━━━━━ Entries shown
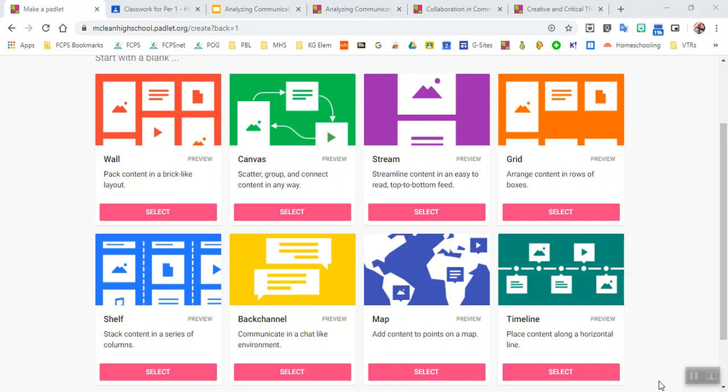Hello, so this is just a quick tutorial about Padlet. This is a platform that teachers might be using to help promote collaboration within their classroom when we're going through this period of virtual or distance learning.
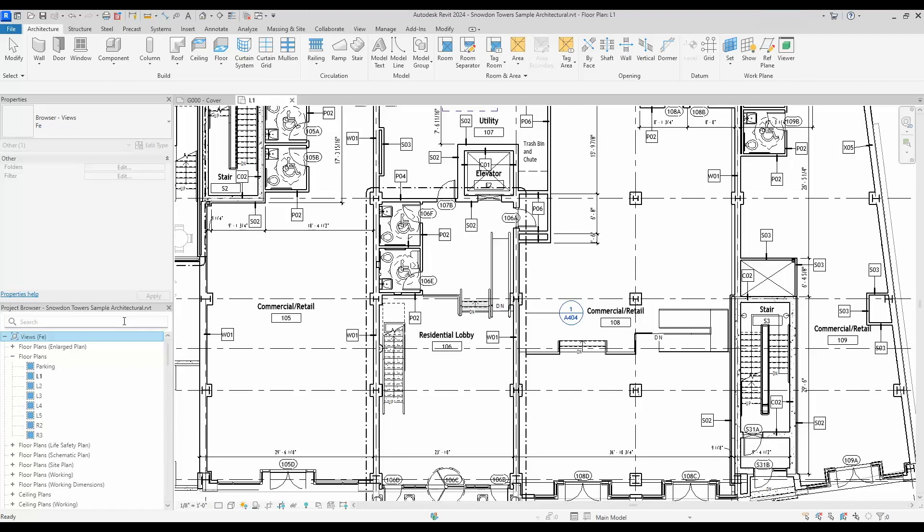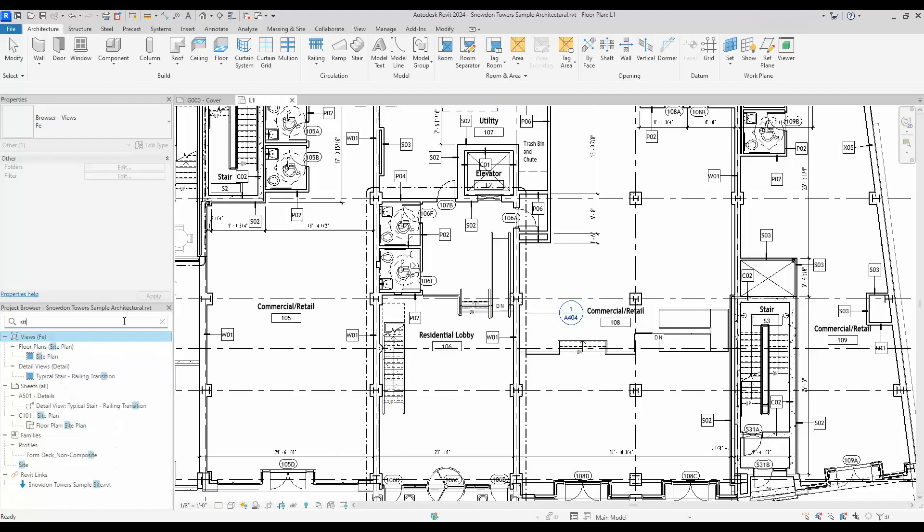Some things that you'll be able to do here is just search anything that is in the browser. For example, if you want to look for all your site plans or your site sheets, you can do that.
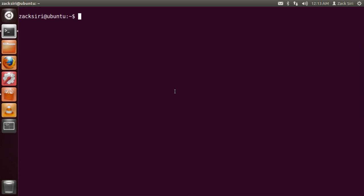Hey guys, today I'm going to be showing you how to set up a development environment for Ruby on Rails on Ubuntu.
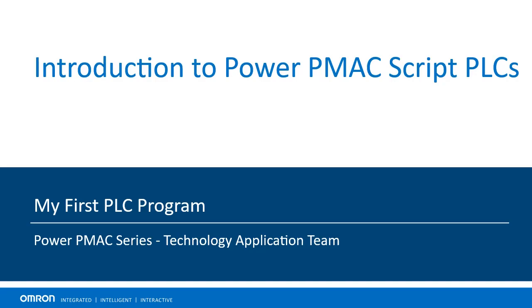Hello everyone, in this video presentation we will go over an introduction to script PLCs in the PowerPMAC motion controller. We will learn how to create and execute them.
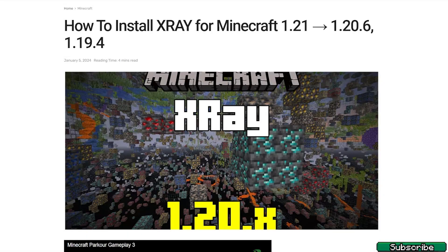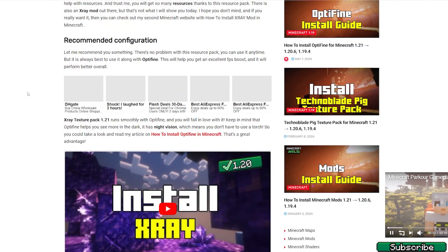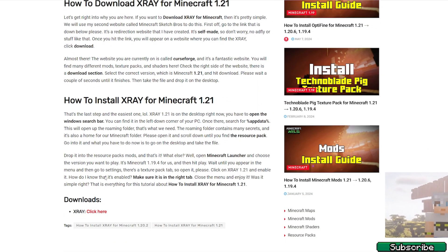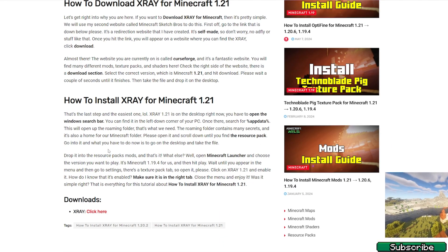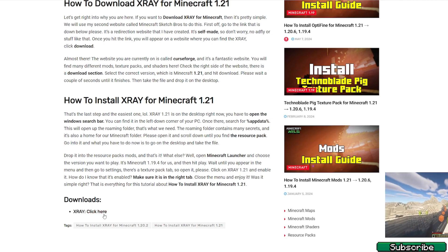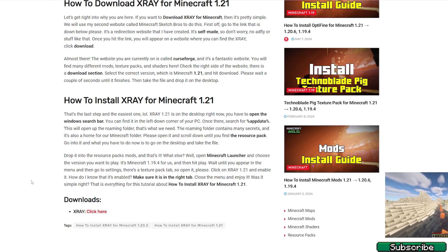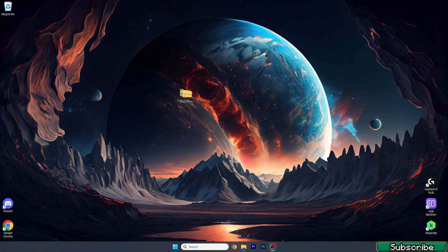The first step is to go to the video description. There's the download link so make sure you click on that — it will take you to my website and you will be on the article that says how to install X-Ray for Minecraft 1.21. Once you get in here, scroll down and go to the download at the bottom of the article, it says click here, so please click on that and download it.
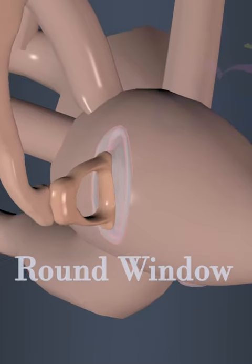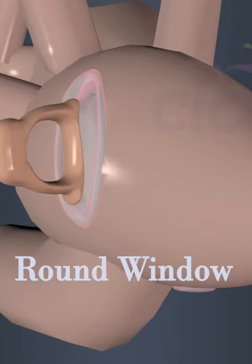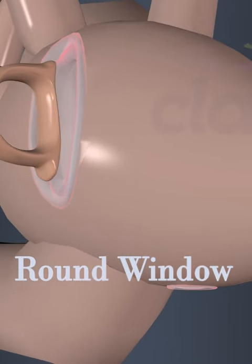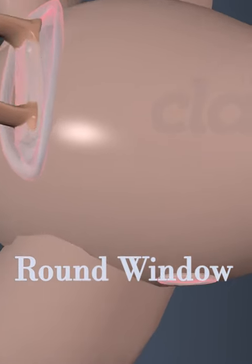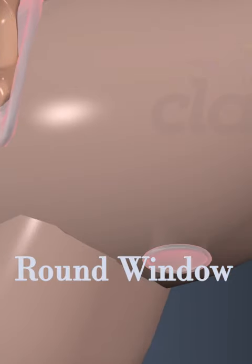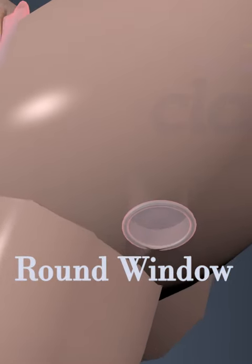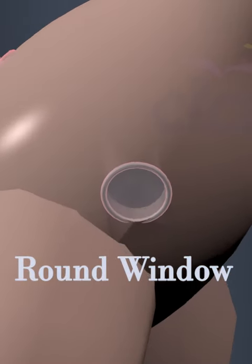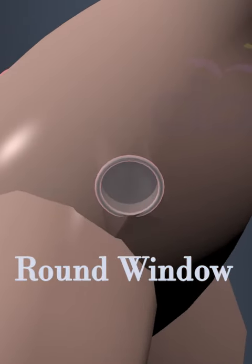The round window serves as a pressure release valve for the fluid inside the cochlea, allowing for the displacement of fluid as the fluid-filled cochlea responds to the sound vibrations.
━━━━━━━━━━
**Problem requirements**
Write the lines out exactly, beginning at the line that holds "Hello everyone, in" and stopping after the last line of the entries; include no pictures.

**Problem solution**
Hello everyone, in this video presentation we will go over an introduction to script PLCs in the PowerPMAC motion controller. We will learn how to create and execute them.
The first step is to go to the video description. There's the download link so make sure you click on that — it will take you to my website and you will be on the article that says how to install X-Ray for Minecraft 1.21. Once you get in here, scroll down and go to the download at the bottom of the article, it says click here, so please click on that and download it.
The round window serves as a pressure release valve for the fluid inside the cochlea, allowing for the displacement of fluid as the fluid-filled cochlea responds to the sound vibrations.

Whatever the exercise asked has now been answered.